THE DATA:
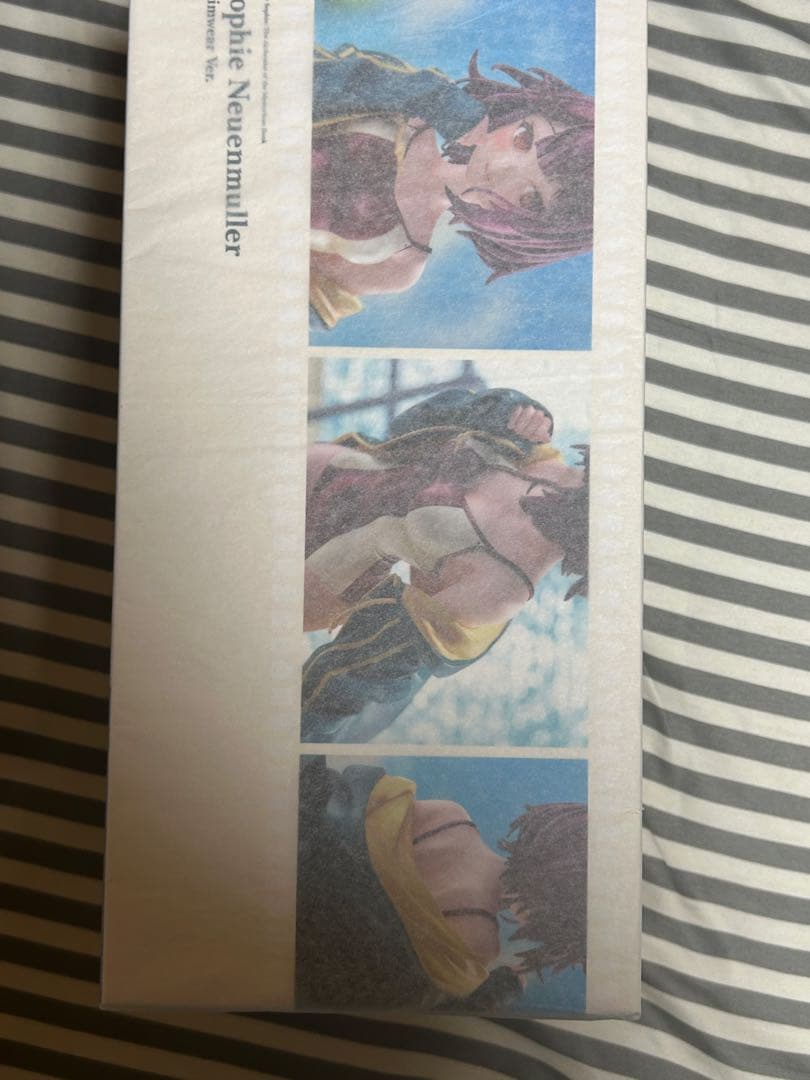 ソフィー・ノイエンミュラー 競泳水着ver.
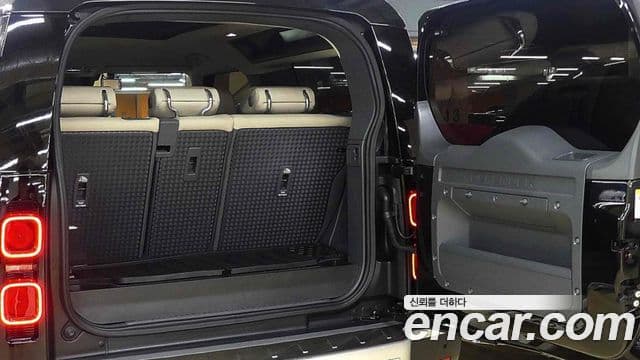 Land Rover Defender 2022 — Фото 6/17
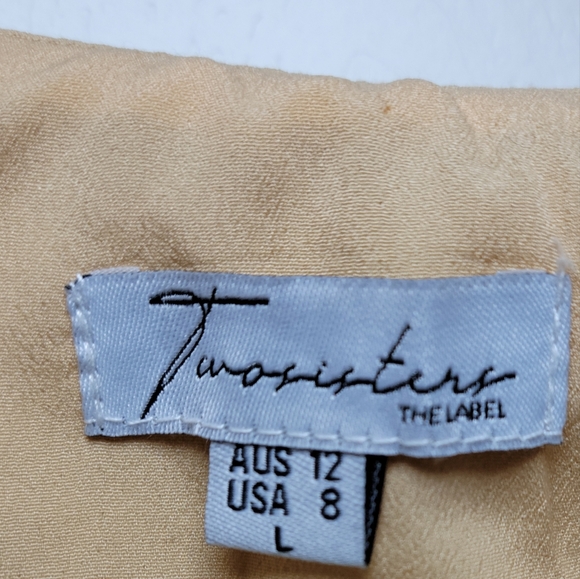 Two Sisters Two-Piece Eyelet Chic Bridal High-Low Skirt Set Size 8 - Picture 14 of 15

ACTIVITY: Please repeat the listing precisely, excluding the pictures it contains.

TASK SOLUTION:
 ソフィー・ノイエンミュラー 競泳水着ver.
 Land Rover Defender 2022 — Фото 6/17
 Two Sisters Two-Piece Eyelet Chic Bridal High-Low Skirt Set Size 8 - Picture 14 of 15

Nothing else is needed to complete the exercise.